[What the task asks] Find each line in the records below that contains the word "Vintage", and copy it out.
== == ==
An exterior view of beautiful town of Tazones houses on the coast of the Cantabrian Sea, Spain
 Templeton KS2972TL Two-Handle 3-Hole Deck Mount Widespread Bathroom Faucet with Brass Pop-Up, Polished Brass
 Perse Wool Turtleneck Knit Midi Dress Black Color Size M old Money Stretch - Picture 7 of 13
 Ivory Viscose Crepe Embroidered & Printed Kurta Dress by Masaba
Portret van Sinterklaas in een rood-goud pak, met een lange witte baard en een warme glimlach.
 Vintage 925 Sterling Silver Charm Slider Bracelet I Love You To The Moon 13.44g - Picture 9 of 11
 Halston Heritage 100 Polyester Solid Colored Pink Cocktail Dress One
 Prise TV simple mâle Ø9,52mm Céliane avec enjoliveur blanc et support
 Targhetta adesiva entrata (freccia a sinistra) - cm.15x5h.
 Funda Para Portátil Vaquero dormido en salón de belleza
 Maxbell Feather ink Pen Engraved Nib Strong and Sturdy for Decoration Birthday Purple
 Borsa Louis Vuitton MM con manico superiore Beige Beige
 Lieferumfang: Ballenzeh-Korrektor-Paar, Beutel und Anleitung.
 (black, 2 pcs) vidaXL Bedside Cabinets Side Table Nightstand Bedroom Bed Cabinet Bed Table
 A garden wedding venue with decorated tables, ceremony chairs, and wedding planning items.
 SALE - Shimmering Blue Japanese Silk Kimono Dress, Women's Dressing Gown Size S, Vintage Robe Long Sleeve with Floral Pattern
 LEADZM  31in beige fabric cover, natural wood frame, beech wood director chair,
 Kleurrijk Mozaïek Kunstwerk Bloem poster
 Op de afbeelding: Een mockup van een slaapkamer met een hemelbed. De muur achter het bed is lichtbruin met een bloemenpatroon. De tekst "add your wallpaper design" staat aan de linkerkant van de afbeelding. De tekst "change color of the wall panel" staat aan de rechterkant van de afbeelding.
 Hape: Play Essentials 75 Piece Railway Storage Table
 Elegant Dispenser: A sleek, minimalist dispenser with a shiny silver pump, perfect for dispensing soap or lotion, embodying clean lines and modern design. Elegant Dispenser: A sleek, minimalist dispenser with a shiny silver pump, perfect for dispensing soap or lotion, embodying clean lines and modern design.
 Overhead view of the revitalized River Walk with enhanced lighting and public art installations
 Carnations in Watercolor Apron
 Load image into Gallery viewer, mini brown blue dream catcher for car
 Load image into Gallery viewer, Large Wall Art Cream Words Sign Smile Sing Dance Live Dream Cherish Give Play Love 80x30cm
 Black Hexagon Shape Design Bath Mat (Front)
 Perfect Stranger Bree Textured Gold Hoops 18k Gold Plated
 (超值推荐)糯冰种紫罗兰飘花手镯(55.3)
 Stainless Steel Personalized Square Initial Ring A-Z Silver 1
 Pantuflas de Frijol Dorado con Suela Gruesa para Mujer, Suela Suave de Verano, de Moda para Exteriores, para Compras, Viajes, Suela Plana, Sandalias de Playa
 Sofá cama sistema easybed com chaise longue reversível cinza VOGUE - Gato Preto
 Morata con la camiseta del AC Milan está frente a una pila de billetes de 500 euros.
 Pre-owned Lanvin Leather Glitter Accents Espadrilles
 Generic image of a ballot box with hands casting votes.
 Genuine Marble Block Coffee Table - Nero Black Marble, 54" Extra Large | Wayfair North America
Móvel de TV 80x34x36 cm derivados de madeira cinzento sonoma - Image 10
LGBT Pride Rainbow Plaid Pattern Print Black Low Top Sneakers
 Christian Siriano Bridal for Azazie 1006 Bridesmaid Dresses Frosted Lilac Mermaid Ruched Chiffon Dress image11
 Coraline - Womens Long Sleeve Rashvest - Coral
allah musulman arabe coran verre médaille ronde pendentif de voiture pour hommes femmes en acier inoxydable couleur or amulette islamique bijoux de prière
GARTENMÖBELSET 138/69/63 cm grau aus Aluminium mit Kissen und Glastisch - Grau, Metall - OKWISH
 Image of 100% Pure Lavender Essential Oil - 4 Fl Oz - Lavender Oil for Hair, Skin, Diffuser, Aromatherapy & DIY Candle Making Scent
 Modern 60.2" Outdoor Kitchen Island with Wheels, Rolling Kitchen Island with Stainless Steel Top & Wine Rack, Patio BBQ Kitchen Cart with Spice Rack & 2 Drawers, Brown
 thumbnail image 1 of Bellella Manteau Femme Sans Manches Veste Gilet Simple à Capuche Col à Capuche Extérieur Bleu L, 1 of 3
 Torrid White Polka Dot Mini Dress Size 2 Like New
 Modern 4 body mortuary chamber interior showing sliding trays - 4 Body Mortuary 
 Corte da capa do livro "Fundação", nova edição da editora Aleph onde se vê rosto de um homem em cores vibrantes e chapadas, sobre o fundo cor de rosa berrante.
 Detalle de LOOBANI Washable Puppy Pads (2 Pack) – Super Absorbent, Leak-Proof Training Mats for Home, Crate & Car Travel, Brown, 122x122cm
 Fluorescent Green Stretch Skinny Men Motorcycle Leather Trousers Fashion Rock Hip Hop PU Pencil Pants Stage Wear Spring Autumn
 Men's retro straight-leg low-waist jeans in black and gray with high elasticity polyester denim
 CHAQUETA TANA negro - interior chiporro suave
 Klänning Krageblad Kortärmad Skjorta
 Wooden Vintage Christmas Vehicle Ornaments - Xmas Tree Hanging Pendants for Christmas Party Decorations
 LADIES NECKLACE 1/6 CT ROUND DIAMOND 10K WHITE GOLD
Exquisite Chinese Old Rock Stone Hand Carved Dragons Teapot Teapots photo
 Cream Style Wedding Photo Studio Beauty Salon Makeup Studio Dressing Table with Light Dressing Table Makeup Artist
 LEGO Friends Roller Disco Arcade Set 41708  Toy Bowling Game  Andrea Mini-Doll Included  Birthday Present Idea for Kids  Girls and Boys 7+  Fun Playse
== == ==
[Written response]
 Vintage 925 Sterling Silver Charm Slider Bracelet I Love You To The Moon 13.44g - Picture 9 of 11
 SALE - Shimmering Blue Japanese Silk Kimono Dress, Women's Dressing Gown Size S, Vintage Robe Long Sleeve with Floral Pattern
 Wooden Vintage Christmas Vehicle Ornaments - Xmas Tree Hanging Pendants for Christmas Party Decorations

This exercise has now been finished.